### Supplied data

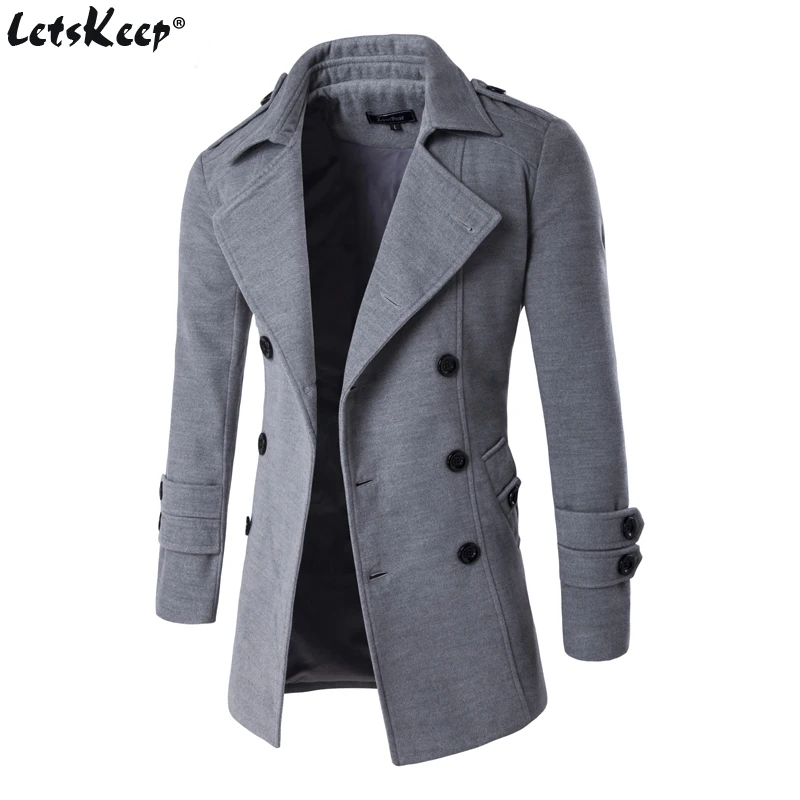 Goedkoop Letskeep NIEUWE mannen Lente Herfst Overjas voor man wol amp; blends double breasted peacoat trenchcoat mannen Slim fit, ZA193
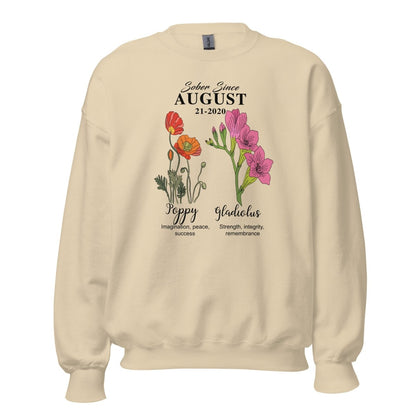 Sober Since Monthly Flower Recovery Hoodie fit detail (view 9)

==

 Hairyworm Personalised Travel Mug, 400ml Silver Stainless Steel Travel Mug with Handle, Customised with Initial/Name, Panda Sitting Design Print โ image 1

### What needs to be done
Return exactly the lines that appear in the data above between the line containing "Goedkoop Letskeep NIEUWE" and the line containing "Sober Since Monthly", both of which are included, and leave the pictures out.

### Answer space
 Goedkoop Letskeep NIEUWE mannen Lente Herfst Overjas voor man wol amp; blends double breasted peacoat trenchcoat mannen Slim fit, ZA193
 Sober Since Monthly Flower Recovery Hoodie fit detail (view 9)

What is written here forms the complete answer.